Source data:
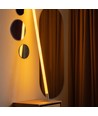 120cm Neon Tube LED Gul - Designer rør, Justerbar lysstyrke, inkl. ledning
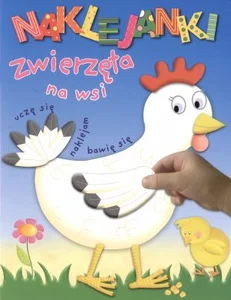 Zwierzęta na wsi Naklejanki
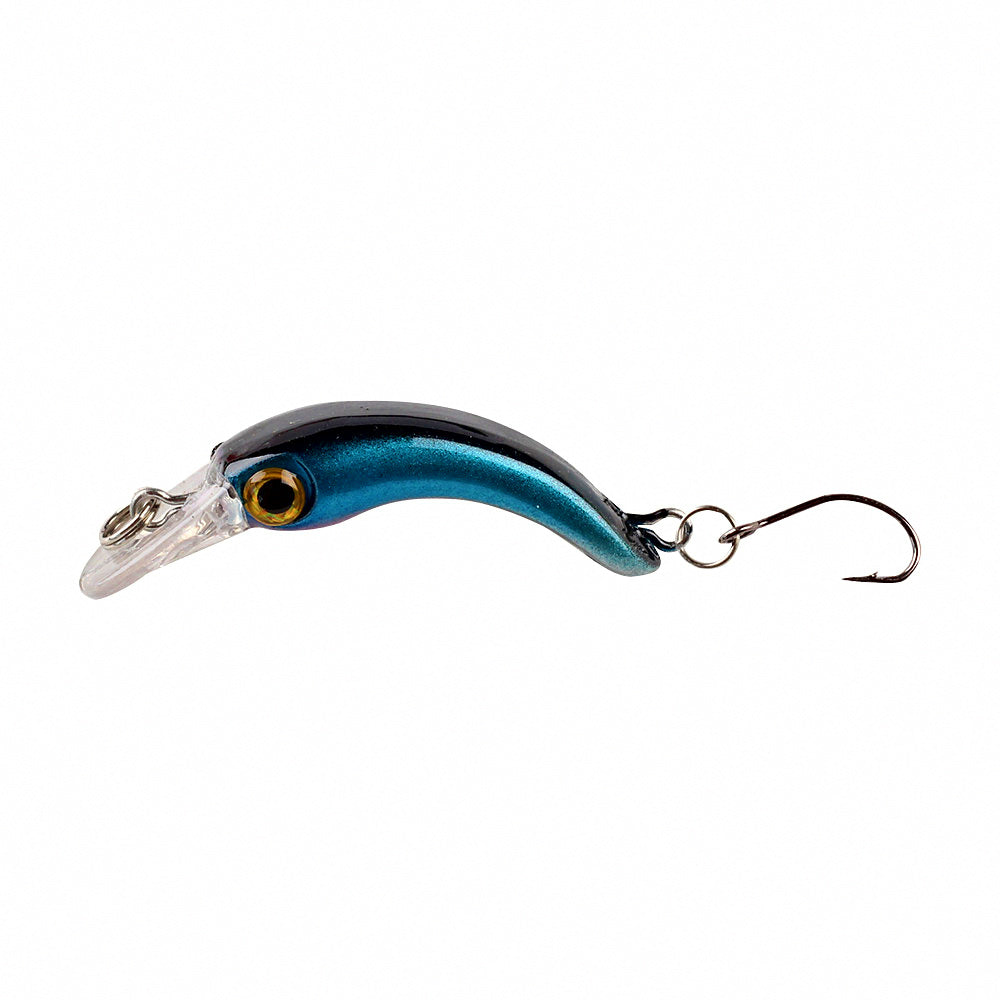 Micro Slow-Sinking Minnow Lure, 3.7 cm (1.5 in), 1.5 g (0.05 oz) – product photo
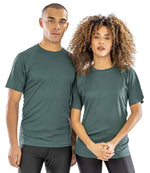 Spiro Impact Performance Aircool T-Shirt Bottle Green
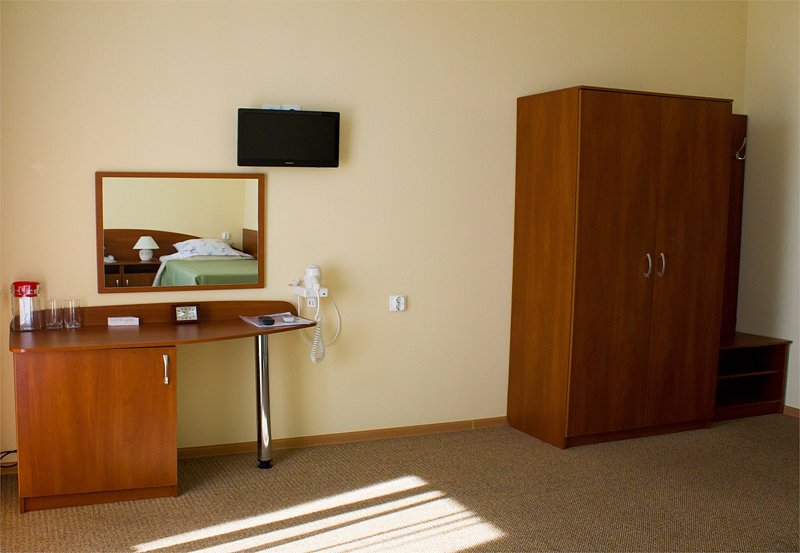 Стандартный 2-местный 1-комнатный (с видом на парк, корпус 2,4)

Instructions to follow:
Give the listing again in full, exactly as it is, but without its images.

Task answer:
 120cm Neon Tube LED Gul - Designer rør, Justerbar lysstyrke, inkl. ledning
 Zwierzęta na wsi Naklejanki
 Micro Slow-Sinking Minnow Lure, 3.7 cm (1.5 in), 1.5 g (0.05 oz) – product photo
 Spiro Impact Performance Aircool T-Shirt Bottle Green
 Стандартный 2-местный 1-комнатный (с видом на парк, корпус 2,4)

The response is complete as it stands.